Divorcio mutuo acuerdo y divorcio contencioso, el convenio regulador

Divorcio mutuo acuerdo o express vs Divorcio contencioso

Actualmente un alto porcentaje de parejas concluyen su relación matrimonial mediante el divorcio por muchos consejos que nos den para evitarlo, si tenemos que pasar por esa difícil situación, es conveniente estar informado.

Antes de iniciar cualquier proceso judicial es muy conveniente conocer y diferenciar entre las distintas figuras jurídicas que ponen fin a la relación matrimonial. La nulidad es el acto mediante el cual el matrimonio realizado queda anulado, a todos los efectos es como si no hubiese existido. La separación es el acto mediante el cual los cónyuges deciden poner fin a su convivencia, pero no se rompe el vínculo matrimonial. El divorcio sí rompe el vínculo matrimonial pero no tiene efectos retroactivos. Anteriormente era necesario pasar por la fase de separación antes de poder solicitar el divorcio, a partir de la reforma legal introducida en la normativa en el año 2005, se puede optar por una fórmula u otra directamente.

Separación y divorcio

Tipos de divorcio

Existen dos tipos de divorcios diferenciados según la postura de cada cónyuge. El divorcio de  mutuo acuerdo y el divorcio contencioso, en el que una de las partes no otorga su consentimiento. El primero de ellos es el más sencillo y habitualmente el menos costoso. En el divorcio de mutuo acuerdo se redacta un documento denominado Convenio Regulador en el que se establecen los pactos alcanzados. Este convenio hay que presentarlo junto a la demanda judicial, que puede ser realizada por ambos cónyuges o por uno de ellos con el consentimiento del otro. Posteriormente tendrán que ratificarlo en el juzgado para que el juez pueda dictar la correspondiente sentencia. En el divorcio contencioso no se existe Convenio Regulador, sino que se interpone la demanda por parte de uno de los cónyuges y se inicia el procedimiento judicial que puede ser más o menos largo según las circunstancias particulares de cada pareja.

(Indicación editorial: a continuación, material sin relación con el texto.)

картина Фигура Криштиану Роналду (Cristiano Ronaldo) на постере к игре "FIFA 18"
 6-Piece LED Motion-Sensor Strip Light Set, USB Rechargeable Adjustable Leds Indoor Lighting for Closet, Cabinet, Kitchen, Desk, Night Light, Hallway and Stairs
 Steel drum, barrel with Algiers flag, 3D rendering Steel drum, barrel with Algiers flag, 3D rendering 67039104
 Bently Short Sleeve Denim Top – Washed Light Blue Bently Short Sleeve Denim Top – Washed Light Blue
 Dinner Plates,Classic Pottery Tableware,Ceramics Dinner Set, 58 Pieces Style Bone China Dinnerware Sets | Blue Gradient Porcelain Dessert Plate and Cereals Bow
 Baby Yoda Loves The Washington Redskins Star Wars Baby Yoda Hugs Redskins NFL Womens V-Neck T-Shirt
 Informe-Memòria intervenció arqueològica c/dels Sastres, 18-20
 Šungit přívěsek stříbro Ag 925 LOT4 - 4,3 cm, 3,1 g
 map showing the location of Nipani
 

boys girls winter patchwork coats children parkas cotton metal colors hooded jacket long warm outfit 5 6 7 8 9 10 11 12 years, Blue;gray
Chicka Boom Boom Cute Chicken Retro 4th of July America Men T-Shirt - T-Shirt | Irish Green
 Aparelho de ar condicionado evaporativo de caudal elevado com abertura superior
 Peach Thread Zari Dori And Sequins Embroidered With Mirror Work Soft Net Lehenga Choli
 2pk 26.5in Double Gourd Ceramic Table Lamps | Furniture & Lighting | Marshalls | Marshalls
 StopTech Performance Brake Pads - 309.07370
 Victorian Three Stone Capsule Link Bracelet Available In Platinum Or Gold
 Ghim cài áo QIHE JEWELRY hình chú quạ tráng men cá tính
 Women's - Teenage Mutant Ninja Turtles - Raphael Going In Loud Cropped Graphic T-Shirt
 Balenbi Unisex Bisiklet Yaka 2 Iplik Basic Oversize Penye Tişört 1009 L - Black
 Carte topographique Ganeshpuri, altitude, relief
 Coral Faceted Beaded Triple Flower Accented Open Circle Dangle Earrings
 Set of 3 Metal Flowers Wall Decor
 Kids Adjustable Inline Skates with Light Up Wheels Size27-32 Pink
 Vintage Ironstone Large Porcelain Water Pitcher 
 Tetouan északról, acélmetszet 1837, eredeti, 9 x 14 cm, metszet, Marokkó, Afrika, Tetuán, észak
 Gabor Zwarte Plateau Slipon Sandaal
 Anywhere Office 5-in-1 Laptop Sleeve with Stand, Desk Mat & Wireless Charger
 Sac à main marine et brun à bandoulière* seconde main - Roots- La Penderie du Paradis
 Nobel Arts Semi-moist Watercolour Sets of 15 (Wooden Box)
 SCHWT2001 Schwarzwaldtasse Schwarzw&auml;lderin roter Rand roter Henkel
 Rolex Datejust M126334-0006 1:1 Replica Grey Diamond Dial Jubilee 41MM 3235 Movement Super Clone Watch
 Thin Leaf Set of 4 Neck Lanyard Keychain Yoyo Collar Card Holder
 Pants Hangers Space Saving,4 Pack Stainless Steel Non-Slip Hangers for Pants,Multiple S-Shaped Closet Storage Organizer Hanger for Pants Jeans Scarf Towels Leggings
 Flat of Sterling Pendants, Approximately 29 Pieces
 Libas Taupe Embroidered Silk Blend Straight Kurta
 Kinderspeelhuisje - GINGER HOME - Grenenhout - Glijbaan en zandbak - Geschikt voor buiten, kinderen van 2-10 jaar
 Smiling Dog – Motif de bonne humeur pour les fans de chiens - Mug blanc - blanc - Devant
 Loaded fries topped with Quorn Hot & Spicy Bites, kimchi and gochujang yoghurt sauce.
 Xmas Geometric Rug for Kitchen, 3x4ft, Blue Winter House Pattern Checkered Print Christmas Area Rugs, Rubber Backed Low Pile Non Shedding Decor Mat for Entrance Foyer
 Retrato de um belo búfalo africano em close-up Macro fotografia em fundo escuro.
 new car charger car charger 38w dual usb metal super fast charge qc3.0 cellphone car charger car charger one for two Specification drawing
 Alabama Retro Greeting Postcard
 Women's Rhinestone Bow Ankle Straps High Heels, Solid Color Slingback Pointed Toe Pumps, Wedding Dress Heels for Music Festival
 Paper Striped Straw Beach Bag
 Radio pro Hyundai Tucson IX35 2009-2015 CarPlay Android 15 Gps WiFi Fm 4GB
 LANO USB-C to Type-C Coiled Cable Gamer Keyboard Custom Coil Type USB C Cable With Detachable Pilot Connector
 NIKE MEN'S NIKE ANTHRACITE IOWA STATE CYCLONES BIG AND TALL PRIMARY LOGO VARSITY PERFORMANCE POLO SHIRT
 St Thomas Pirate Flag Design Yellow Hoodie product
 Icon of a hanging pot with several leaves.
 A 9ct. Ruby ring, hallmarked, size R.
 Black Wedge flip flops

Contenido del Convenio Regulador en un divorcio

El Convenio Regulador es un contrato que se firma por ambos cónyuges y en el que se redactan los acuerdos a los que se hayan llegado. Principalmente se incluyen temas relacionados con los hijos y con los aspectos económicos. Este documento ha de contener el acuerdo alcanzado sobre la patria potestad, que habitualmente sigue siendo compartida por ambos, a no ser que existan situaciones de riesgo para los hijos. También ha de establecerse qué progenitor se va a encargar de la guardia y custodia de los descendientes, junto al régimen de visitas y el de comunicaciones que se establecerá para el cónyuge que no la posea. En el apartado económico es necesario incluir el importe decidido como pensión alimenticia para los hijos y en el caso de que exista un desequilibrio económico para una de las partes, también se ha de establecer la cuantía correspondiente a la pensión compensatoria. Además se establece en este convenio quién va a seguir disfrutando de la vivienda habitual, que habitualmente será el cónyuge que se queda con los hijos. Como última medida económica se ha de especificar cómo se va a realizar la liquidación del resto de bienes gananciales.

Complicaciones de un divorcio

No existe una fórmula mágica que establezca como poder evitar el divorcio. Son muchos los consejos que se dan a este respecto, pero lo cierto es que cada pareja es diferente y cada circunstancia hace que a este proceso se llegue por multitud de causas. Fuera como fuese, en la mayoría de los casos la ruptura matrimonial conlleva una serie de problemas que en ocasiones pueden resultar difíciles de solucionar. Cuando en el matrimonio hay hijos, y más si estos son menores, el proceso de divorcio suele complicarse, necesitando en muchos casos apoyo profesional para poder adaptarse a la nueva situación. Con la nueva ley descrita en el anteproyecto de ley de protección a la infancia,  escuchar a los menores en un divorcio será un derecho de los niños. En el terreno económico no es menos complicado ya que para ambos supone un cambio importante al que tendrán que adaptarse. A pesar de todo ello, la mayoría de los divorcios que se celebran se hacen de mutuo acuerdo, por la facilidad que esta vía proporciona y el menor coste económico que supone.